Friday, October 28, 2016

Don't Blame the Comic Book Artist for Catering to the Audience!

As the Kinks would say, "Give the people what they want!" and apparently they want kinky!

Made this caption for the recently returned Jord, who is a fan of latex/rubber and yet still has fairly flexible preferences. I just so happened to have this picture flitting about in my photo galleries, and thought it would come to good use with Jord's reappearance.

Drawing female characters has always been an issue with comic book artists, and I can see both sides of the argument, but at its heart, comic books should be escapist stories for the relatively powerless in society, namely teenage boys. Whether that is the target audience for comic books anymore is a debate for another time, it was how the business was fueled since before I was born.

Comics were made to be over the top, realistic in ways that cartoons aren't, but still not grounded by any physical laws. Mortally wounded and back to normal in the next issue .. sure! Absorb more than lethal amounts of radiation in space ... sure, and it'll make your body invisible or very stretchy and bendy .. or green and buff when you get angry!

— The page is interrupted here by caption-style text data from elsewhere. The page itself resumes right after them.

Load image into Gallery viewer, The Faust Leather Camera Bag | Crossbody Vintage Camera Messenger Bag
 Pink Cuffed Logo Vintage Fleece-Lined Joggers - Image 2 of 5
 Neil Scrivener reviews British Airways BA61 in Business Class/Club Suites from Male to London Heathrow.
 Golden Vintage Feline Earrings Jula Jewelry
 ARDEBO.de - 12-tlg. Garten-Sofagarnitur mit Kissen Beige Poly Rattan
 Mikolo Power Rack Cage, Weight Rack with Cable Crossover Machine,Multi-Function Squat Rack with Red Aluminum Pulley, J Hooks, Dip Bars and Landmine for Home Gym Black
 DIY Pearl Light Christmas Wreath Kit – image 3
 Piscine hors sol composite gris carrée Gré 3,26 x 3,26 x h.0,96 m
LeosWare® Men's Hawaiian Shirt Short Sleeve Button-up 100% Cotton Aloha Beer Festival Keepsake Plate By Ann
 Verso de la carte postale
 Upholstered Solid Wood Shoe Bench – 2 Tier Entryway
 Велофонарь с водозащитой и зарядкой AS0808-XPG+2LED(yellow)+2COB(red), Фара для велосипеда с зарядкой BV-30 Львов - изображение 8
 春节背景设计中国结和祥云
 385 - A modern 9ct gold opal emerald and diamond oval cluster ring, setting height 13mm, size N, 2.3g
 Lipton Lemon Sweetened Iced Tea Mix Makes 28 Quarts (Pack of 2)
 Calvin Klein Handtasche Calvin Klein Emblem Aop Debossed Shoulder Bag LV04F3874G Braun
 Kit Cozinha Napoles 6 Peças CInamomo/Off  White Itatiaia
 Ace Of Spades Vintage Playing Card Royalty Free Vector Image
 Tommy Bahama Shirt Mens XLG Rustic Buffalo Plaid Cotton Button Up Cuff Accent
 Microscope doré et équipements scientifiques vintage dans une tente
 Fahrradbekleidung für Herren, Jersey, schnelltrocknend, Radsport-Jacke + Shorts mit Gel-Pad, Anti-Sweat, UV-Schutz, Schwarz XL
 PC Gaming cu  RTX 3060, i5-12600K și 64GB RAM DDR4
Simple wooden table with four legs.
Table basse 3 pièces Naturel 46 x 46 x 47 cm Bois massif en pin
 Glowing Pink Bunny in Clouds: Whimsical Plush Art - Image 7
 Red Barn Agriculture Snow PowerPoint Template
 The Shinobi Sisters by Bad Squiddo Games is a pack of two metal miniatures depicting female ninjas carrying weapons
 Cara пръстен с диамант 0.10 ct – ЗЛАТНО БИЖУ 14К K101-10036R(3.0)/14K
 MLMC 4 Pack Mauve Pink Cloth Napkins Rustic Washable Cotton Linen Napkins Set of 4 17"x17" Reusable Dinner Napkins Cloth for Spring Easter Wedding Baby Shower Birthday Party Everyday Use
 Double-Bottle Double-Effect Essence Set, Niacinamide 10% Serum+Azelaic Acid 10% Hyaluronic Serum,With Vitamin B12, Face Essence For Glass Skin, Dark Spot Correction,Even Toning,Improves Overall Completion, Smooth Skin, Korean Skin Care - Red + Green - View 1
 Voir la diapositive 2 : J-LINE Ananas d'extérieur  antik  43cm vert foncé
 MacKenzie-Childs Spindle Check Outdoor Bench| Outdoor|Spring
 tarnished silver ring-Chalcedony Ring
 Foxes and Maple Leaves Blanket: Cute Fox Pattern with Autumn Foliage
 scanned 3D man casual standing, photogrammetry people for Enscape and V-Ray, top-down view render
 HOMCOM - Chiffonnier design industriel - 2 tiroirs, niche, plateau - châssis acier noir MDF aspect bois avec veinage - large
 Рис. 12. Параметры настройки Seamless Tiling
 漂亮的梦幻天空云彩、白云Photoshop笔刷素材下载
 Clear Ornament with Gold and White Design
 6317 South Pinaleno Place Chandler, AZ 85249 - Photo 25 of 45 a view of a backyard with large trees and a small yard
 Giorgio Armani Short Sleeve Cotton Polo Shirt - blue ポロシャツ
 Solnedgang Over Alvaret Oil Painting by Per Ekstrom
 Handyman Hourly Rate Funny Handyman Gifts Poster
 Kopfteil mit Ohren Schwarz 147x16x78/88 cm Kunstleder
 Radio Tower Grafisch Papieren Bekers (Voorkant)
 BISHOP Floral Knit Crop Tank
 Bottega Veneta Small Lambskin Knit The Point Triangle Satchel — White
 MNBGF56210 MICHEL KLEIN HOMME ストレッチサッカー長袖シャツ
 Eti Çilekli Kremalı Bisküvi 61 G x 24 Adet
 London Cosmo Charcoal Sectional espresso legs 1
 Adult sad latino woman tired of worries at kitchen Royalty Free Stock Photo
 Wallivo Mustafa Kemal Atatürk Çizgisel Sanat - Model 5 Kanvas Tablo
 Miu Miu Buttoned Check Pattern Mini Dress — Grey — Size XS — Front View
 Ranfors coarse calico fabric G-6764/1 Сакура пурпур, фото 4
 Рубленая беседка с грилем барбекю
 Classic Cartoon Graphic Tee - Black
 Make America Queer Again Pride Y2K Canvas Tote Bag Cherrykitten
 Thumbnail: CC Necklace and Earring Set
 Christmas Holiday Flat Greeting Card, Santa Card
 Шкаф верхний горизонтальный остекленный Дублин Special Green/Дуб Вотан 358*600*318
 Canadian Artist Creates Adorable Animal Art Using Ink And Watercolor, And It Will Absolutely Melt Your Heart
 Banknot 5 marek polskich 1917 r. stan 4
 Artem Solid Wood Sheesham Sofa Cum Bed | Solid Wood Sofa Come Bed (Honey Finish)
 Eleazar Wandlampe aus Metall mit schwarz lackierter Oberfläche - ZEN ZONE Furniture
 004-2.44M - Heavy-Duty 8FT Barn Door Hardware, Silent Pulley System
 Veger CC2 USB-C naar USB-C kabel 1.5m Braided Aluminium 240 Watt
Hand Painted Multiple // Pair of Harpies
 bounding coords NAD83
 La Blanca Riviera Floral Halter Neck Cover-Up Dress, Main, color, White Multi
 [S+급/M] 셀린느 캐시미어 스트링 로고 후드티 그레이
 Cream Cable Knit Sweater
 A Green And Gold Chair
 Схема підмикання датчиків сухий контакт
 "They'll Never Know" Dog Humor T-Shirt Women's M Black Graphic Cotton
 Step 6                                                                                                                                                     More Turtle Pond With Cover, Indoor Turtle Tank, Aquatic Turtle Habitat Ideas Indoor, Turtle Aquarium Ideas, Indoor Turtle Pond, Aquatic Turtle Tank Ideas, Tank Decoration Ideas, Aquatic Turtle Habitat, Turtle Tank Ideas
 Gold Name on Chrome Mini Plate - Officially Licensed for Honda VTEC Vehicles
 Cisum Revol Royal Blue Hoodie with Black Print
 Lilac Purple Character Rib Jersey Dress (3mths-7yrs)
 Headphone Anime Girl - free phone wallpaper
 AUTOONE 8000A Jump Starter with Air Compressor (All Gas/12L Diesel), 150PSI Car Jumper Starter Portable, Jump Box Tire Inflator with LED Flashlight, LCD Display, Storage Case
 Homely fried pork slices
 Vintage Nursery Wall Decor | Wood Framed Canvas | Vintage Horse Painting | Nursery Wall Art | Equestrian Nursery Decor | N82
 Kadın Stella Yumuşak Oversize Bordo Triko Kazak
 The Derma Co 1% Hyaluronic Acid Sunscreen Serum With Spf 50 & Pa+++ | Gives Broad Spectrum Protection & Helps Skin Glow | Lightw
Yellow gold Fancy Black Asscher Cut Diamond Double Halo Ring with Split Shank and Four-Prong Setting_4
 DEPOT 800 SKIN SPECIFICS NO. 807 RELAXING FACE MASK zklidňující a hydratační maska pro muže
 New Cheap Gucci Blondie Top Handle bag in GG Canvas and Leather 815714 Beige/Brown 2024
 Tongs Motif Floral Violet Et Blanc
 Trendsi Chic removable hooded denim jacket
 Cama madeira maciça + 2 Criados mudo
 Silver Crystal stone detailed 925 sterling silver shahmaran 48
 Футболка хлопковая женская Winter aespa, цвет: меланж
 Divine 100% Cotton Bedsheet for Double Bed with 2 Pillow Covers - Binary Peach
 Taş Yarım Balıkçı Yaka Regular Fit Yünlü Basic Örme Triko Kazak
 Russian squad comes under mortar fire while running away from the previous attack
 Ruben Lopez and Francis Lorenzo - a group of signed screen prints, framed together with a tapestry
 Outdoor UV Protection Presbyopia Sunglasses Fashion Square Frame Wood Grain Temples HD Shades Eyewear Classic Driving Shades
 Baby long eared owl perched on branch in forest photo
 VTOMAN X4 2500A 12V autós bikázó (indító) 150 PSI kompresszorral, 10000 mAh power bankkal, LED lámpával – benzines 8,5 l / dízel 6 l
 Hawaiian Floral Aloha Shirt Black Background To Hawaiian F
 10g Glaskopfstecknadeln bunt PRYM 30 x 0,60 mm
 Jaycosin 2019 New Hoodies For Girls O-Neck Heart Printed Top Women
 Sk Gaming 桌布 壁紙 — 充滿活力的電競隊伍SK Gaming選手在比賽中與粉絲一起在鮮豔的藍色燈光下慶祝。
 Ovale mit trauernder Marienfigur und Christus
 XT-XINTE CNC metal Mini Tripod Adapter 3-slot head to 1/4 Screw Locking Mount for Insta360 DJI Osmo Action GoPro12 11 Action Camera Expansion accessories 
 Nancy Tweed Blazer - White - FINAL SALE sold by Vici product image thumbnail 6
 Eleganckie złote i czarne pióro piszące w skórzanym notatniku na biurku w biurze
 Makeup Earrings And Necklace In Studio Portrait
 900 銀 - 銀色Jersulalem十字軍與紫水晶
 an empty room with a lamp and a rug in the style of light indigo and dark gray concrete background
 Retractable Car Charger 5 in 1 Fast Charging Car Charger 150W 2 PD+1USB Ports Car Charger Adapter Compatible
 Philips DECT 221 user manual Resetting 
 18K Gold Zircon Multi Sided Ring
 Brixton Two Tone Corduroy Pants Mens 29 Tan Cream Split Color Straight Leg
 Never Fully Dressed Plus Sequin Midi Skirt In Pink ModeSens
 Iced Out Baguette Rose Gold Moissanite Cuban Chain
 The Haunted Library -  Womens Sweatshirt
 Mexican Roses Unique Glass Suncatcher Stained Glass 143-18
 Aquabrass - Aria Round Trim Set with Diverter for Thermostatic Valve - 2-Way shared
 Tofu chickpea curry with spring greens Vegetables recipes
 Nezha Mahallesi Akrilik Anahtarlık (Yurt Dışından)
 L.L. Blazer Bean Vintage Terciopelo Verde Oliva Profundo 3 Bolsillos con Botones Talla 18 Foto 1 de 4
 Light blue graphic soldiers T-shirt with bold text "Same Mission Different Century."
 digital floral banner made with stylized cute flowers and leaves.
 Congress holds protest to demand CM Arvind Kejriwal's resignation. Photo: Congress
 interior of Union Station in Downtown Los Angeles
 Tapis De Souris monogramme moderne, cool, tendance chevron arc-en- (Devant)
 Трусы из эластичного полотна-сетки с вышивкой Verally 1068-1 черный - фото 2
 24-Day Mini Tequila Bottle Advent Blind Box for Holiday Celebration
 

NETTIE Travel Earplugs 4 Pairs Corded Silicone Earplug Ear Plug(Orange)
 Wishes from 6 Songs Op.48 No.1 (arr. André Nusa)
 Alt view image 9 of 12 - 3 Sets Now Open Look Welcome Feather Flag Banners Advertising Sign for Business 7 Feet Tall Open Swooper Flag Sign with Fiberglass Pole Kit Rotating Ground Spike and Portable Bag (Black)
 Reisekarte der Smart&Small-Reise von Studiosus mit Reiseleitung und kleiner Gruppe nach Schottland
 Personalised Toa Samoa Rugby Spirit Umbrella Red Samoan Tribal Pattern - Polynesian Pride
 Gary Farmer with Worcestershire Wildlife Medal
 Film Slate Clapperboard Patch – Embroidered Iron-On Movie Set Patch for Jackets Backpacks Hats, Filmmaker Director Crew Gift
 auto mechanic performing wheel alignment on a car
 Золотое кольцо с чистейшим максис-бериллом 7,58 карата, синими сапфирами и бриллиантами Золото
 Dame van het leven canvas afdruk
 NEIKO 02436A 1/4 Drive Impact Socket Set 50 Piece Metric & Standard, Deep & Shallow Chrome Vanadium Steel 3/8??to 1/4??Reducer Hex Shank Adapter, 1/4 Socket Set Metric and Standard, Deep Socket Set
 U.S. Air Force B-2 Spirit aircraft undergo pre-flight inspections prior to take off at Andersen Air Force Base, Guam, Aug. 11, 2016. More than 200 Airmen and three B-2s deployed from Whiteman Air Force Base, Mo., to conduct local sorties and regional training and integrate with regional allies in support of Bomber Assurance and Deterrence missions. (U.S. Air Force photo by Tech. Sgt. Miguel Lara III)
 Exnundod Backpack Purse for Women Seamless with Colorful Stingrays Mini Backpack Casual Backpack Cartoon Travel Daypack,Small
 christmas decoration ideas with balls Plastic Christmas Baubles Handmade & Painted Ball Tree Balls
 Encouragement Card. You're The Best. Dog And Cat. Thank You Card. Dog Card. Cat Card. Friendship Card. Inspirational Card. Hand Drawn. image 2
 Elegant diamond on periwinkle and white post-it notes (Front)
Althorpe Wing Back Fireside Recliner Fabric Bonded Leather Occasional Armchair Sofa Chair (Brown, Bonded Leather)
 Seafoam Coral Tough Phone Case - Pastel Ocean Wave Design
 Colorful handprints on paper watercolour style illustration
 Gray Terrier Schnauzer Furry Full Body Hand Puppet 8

So superheroes should be almost invulnerable because they are powered by the sun or were born of Amazonian blood; and cat burglars should actually dress up like a feline, make puns, and have large heaving bosoms even though they most likely would get in the way of breaking into tight spaces. All the more better if all of them were in fetish gear or mostly exposed flesh. And they can see through your clothes, tie you up and make you tell the truth, or keep you at bay with the flick of a whip!

So, with all that said, and most people already knowing, I just turned my attention to this dichotomy once again. Hell, I'm pretty sure I've done this in a few other previous superhero captions. I don't even disagree with the fact that comic books probably lead to fetishes / beliefs that blossom into adulthood for both sexes. Lois Lane showed that you could be a capable, strong woman, but occasionally you wanted to be rescued by a strong, virile man who could take care of your needs, although he'll always ignore you other times when he's off saving everyone else in the world.

Back to my original point, these costumes show how different the hero/villains are from us regular folk, due to their over the top nature with resonates with us from childhood all the way to into our adult years. It isn't a shock that for most years, superheroes and villains are the top selling adult costumes for Halloween, and that almost everyone one of them has sexy/slutty AND plus size versions available for those who want to live the dream, for at least one night.

And when you dress like that, don't you FEEL like that character too? There's been a few Halloween's in my life where the girl I met / picked up at a party was NOTHING like the person she was portraying in costume. You want to say, "Babe, if you could seduce me in real life the way you did when you were dressed like Poison Ivy, I'd never want to leave the apartment." but only real super villains wear their costumes every day .. real people are willing to just break them out once a year .. and perhaps THAT is the real crime!

So go have fun tonight or Saturday at a Halloween party! Let the real you shine through. 
Don't dream it, Be it!

1 comment:

  1. Where do super heroes go to buy their clothing? And why do they all have bad color coordination?